俺が出来ることは
お風呂でアリスに抱きつかれ泣いているときに思った。
こんなに苦しんでいるんだ。だったら俺がせめて家族として兄になろうと。
アリスに伝えたら吹っ切れた表情をしていた。
向こうでも悲しくならないようにと俺が好きなのを渡したが必要なかったかもしれない。
アリスを空港まで見送った。
「アリスが頑張っているんだ。俺が出来るはただ一つ……」
ケンは次の日学校に足を運んだ。
今日教室に入るとアリスの机の上に花が置いてあり酷い言葉が沢山書かれていた。
こんなをする奴らはわかっている……。
ケンはマホ達にに近づく。
「あれ古川くんだけ? 今日は銀髪ちゃんいないんだ〜。もしかして、お国に帰っちゃったとか? うけるわ」
「やめてよマホ、笑いすぎいて腹痛いから。あはははは!」
二人は笑っていて一人はお菓子を食べていた。
俺が出来る事はただ一つ。アリスをこれ以上悲しませないようにするためだ……。
ケンはその場で正座し土下座をした。
「お願いします。これ以上アリスをいじめないでください。お願いします……」
笑っていた二人がこっちを見ている。
「なにあれ? いきなりすぎてキモいんですけど。惨めすぎて笑える」
「マジでそれ! キモすぎ。プライドとかないわけ?」
これが惨め《みじめ》だと言うならいくらでも頭を下げるそれがプライドだ。
暴力をやった所で仕返しがくると分かっている。話し合いも分かり合えるなどない。そこから話がこじれ今と変わらない。だったら相手が参ったというまで何度でも頭を下げるまでだ。

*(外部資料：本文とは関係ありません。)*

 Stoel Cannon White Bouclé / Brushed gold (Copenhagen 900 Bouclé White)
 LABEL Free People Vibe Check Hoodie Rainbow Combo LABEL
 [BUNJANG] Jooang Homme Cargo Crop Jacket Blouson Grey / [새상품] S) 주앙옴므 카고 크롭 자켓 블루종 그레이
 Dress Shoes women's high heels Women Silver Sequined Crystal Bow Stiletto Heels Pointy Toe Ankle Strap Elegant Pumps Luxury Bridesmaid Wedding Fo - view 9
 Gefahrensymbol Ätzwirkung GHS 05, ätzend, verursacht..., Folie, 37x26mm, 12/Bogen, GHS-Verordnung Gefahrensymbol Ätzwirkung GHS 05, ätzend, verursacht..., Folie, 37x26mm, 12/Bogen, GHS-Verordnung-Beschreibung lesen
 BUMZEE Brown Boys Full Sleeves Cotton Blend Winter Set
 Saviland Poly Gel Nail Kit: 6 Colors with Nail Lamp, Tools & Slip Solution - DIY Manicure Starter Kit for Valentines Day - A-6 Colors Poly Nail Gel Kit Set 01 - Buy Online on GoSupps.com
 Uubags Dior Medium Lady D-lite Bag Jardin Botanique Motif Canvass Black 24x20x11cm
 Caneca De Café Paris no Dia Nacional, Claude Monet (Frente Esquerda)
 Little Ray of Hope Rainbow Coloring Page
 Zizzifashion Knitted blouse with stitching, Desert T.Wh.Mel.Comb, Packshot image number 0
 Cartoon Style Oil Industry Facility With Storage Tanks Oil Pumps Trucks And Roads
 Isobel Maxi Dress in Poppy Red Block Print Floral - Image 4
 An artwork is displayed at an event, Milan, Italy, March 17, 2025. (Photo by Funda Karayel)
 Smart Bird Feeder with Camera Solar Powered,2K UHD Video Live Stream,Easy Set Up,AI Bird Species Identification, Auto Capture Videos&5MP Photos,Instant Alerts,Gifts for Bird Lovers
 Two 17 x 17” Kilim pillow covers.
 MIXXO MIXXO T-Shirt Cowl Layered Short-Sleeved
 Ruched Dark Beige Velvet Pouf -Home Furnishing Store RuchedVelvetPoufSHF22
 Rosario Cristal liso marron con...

「お願いします。あいつに手を上げるのだけもうしないでくれ」
するとマホの足で踏みつけられた。
「ぐぅ!」
「なに? さっきからキモいんですけど、もしかしてシスコンとか? うわキモすぎるからささっと消えてよ」
そうだ。俺はあいつを妹とすると決めたんだ。シスコンだろうが何だろうが構わないさ。
「アリスは俺の家族だ! 大切な妹なんだ。だから頼む!」
「意味わからないこと言ってんじゃねえよ!」
マホをダンッダンッと何度も踏みつけられて鼻血が止まらなく出てくる。
「マジでさっきから何なんだよ! キメェんだよ! あの銀髪の両親が死んだみたくお前も死んじまえばアイツも来なく――」
ガダンッ!
教室で物凄い音が聞こえて静まり返った。
みんなが注目した先は三年の高本先輩だった。
「え……。な、なんで高本先輩が居るんですか?」
マホは動揺を隠しきれてない。
「彼が呼んでくれたんだ……」
高本先輩の後ろにソウスケが立っていた。
俺も予想外の展開だった。
「なんで高本先輩なんだ? 予定と違う」
予定では先生が来るはずだったのに……。